(Exercise goal)
Repeat the entries below exactly. Drop the pictures.

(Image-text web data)
[Start of section]
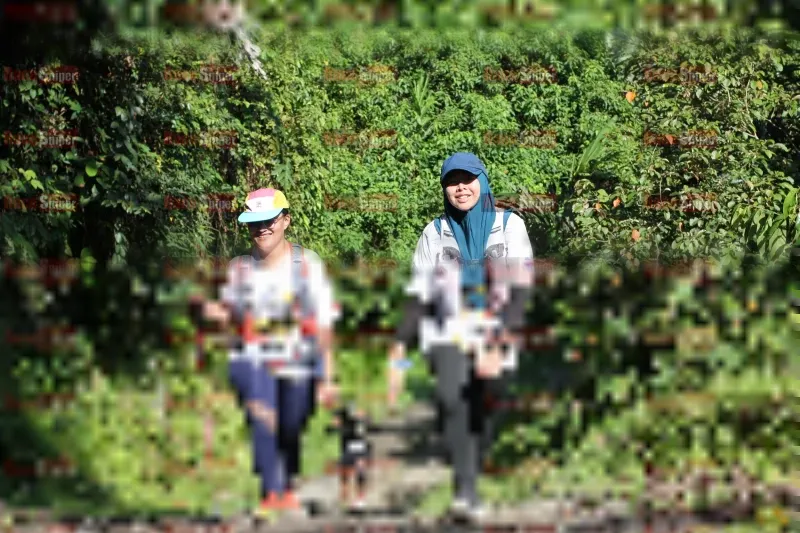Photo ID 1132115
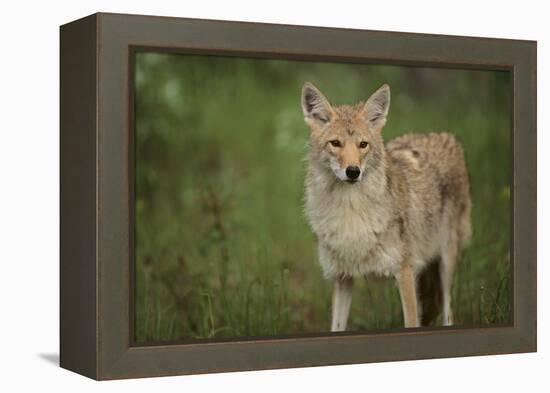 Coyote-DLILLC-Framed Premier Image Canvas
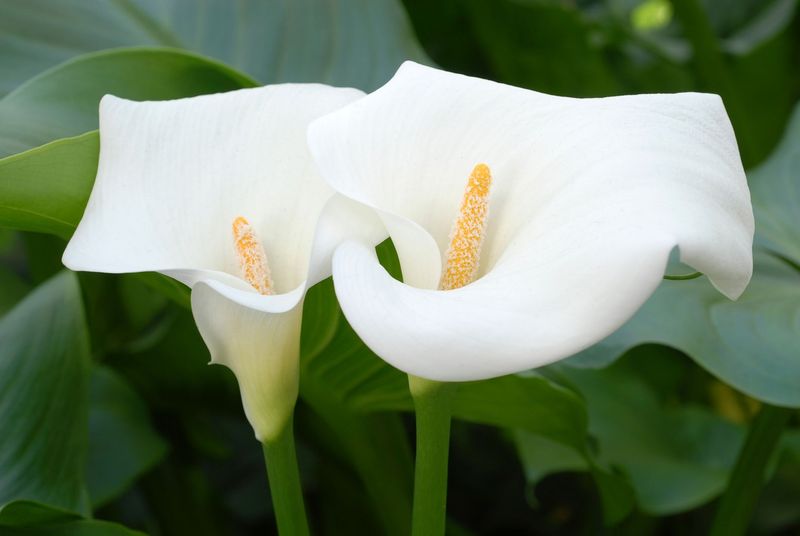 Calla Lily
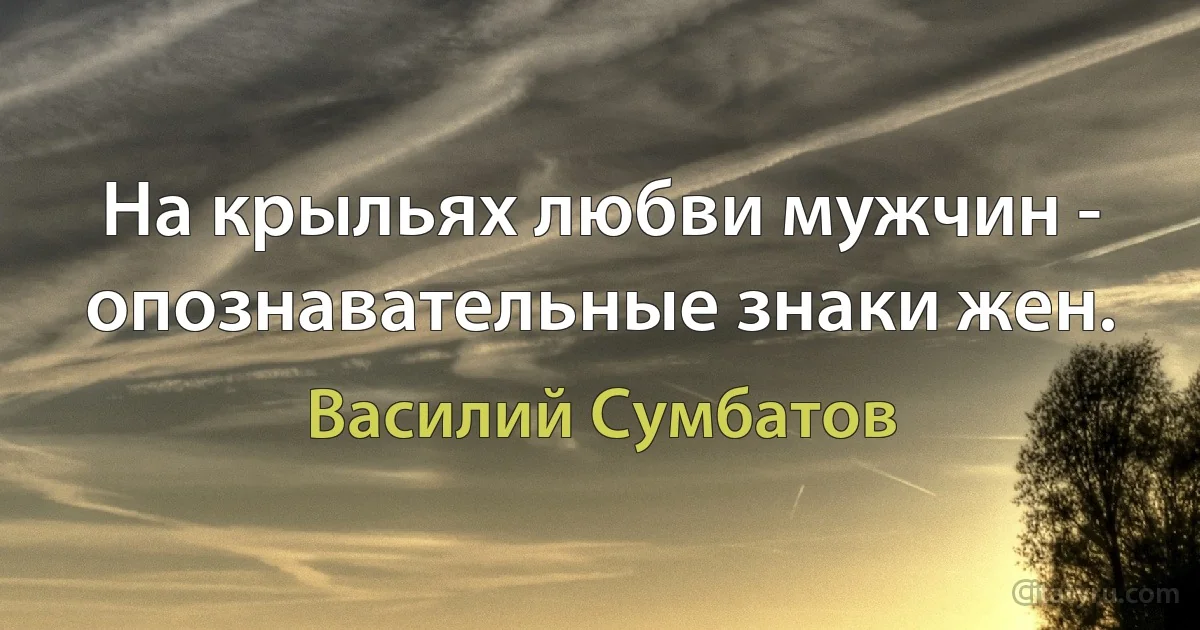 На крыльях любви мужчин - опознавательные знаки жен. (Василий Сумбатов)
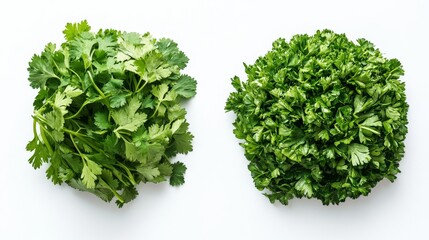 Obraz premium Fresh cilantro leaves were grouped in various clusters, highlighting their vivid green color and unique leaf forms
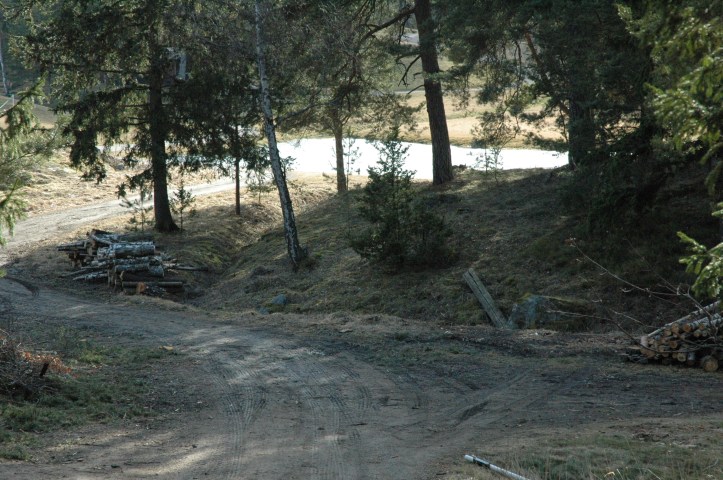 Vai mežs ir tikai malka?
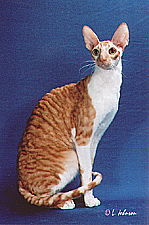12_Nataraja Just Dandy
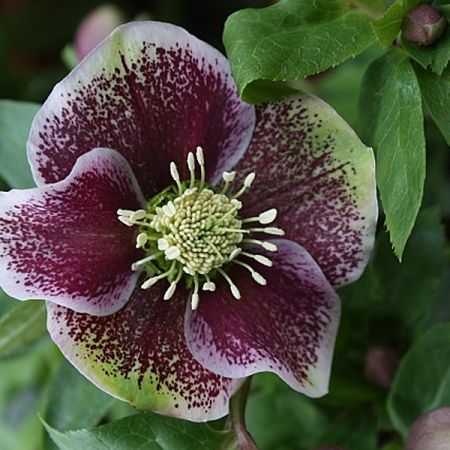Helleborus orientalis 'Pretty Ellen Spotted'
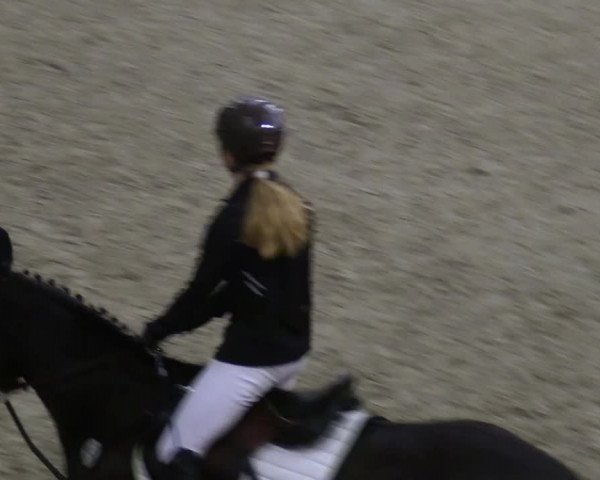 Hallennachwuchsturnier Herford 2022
[End of section]
(Written answer)
Photo ID 1132115
 Coyote-DLILLC-Framed Premier Image Canvas
 Calla Lily
 На крыльях любви мужчин - опознавательные знаки жен. (Василий Сумбатов)
 Obraz premium Fresh cilantro leaves were grouped in various clusters, highlighting their vivid green color and unique leaf forms
 Vai mežs ir tikai malka?
12_Nataraja Just Dandy
Helleborus orientalis 'Pretty Ellen Spotted'
 Hallennachwuchsturnier Herford 2022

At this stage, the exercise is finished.